Most are built with 15-16k Hyster lift truck masts. The clamp itself is probably 2500 lbs and the leverage out to the tips makes me nervous lifting much over 2000 lbs at the tip of one fork. Above 11k the steer axle comes off the ground and makes it a little hard to maneuver. My older CAT V-180 forklift squeeze had a lot more counterweight. Could move 8 3x4 pretty easily

As you can see, we use them for all kinds of things beyond the intended application. Some are build with three stage masts can stack three blocks high ~ 25'


----------



## slowzuki (Mar 8, 2011)

Do they get stuck as bad as heavy forklifts? You see the 15-20k forklifts around for cheap.


----------



## CockrellHillFarms (Aug 30, 2011)

Who builds those? Ive seen them other places but I cant ever figure out who builds or makes them.


----------



## haystax (Jul 24, 2010)

They get stuck pretty easily. Most have a locking diff. Some have poor mans lockers using hand brakes for each side. Pig on roller skates in snow and ice.

Sunny D in Klamath Falls is only outfit still building complete machines. Clerf builds a good clamp for around $12k.

Spends but the best way to handle hay efficiently for our area. Lots of custom operators travel upwards of 100 miles per day loading hay


----------



## haystax (Jul 24, 2010)

Squeeze is necessary to move hay in and out of barns. Balewagons don't stack in the barns. 3-string squeeze blocks two high are usually 14 or 16 tiers high total. Will stand fine for a couple years if decent bales.

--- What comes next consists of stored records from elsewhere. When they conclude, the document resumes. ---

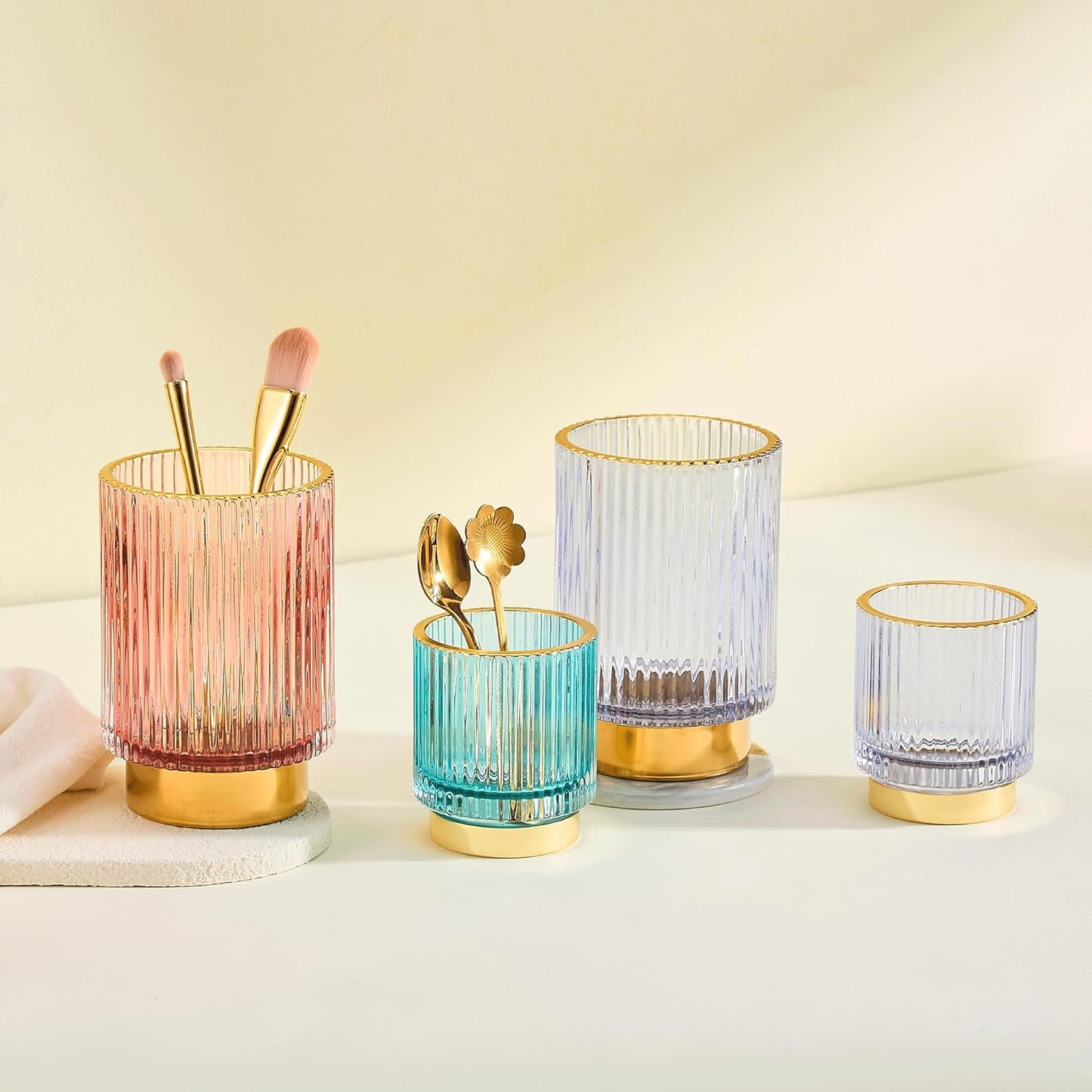 Makeup Brush Holder Organizer,Toothbrush Holders,Desk Pen Pencil Holder,Multifunctional Vintage Glass Brush Cup（L/Green/A3-6-US）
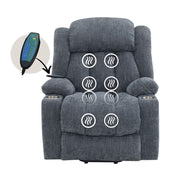 Omarion - Power Recliner With Lift, Heating & Massage - Blue Chenille - R&R Furniture Gallery (Fountain Valley, CA)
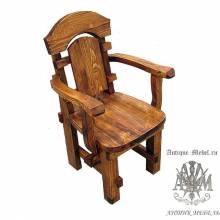 Деревянное кресло под старину из массива сосны Ришелье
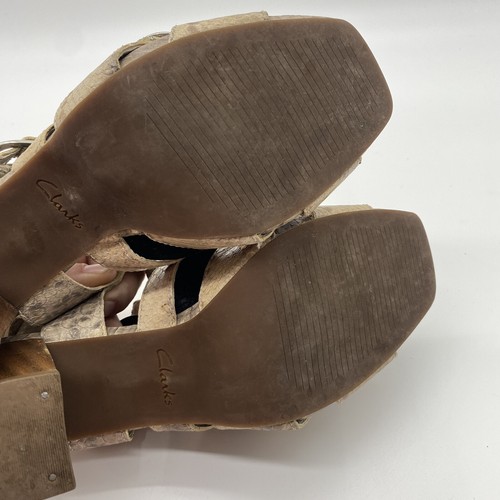 Women’s Clarks Heeled Sandals Snake Pattern Triple Strap Buckle UK 6 EU 39 - Picture 16 of 22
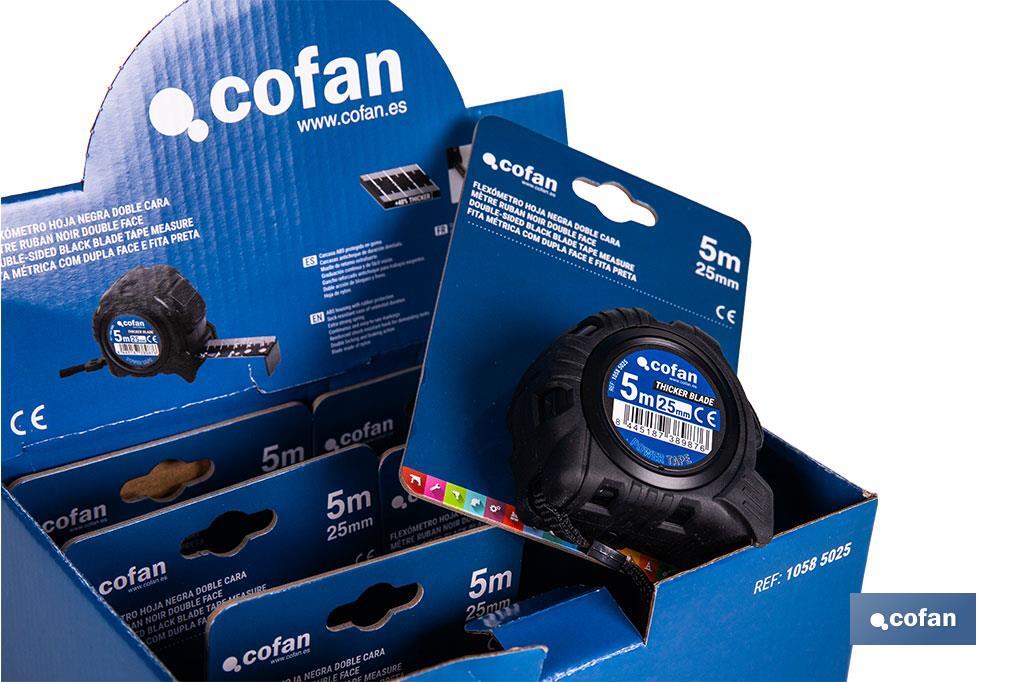 Expositor para flexómetros con hoja de nylon negra y doble cara de Cofan | Incluyen los flexómetros | Varias medidas y capacidades - Cofan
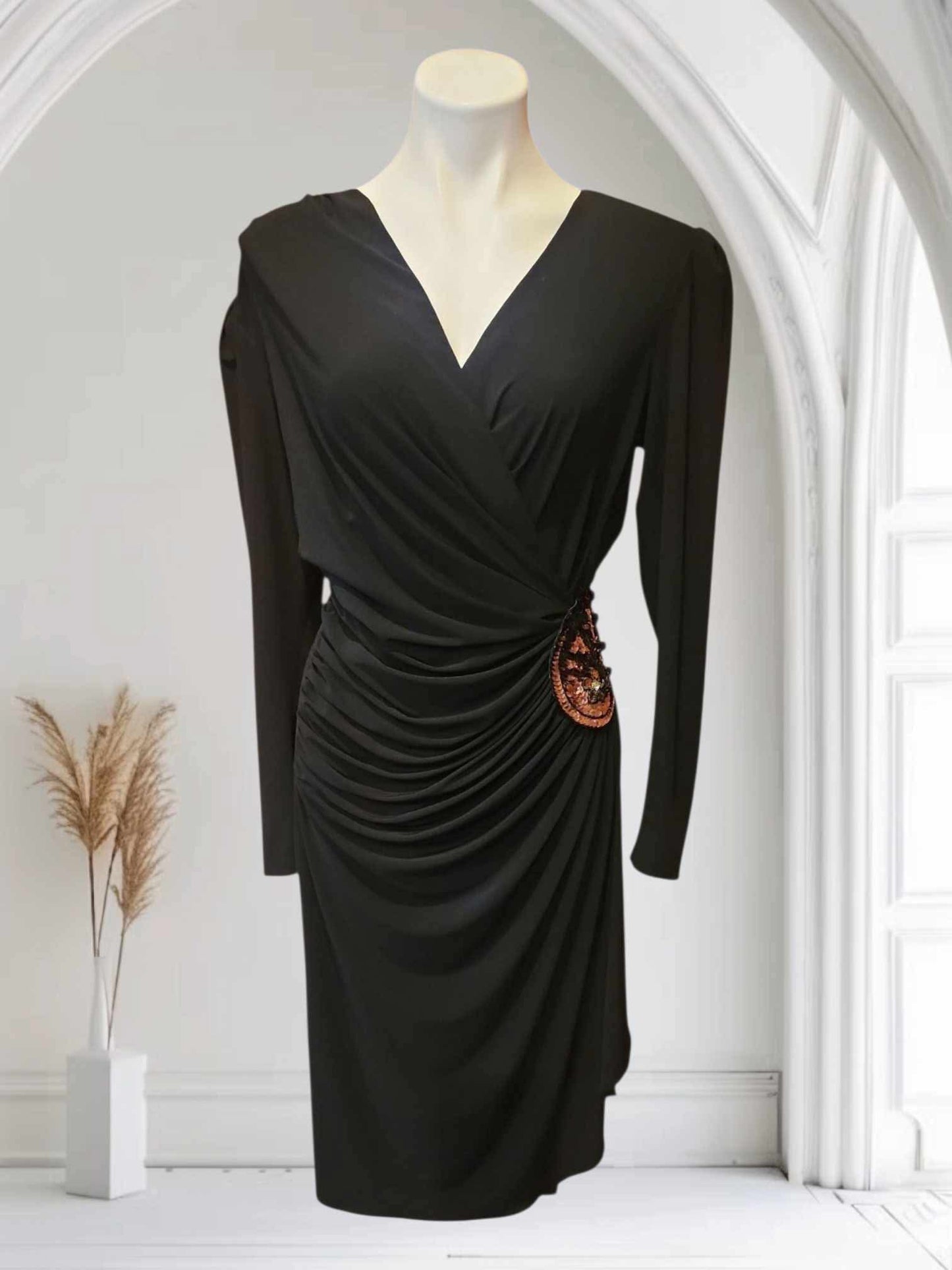 Saks Fifth Avenue Rimini Black Ruching Dress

We stack 3x4 bales 7 high. Can stack 3x3 9 high with three stage mast but 3x3 are a PITA and always want to fall over. These barns hold around 500 tons in little bales or 700 tons in 3x4s


----------



## haystax (Jul 24, 2010)

We started using 10x12" posts after this happened to a neighbor a couple years ago. He got pretty lucky really!


----------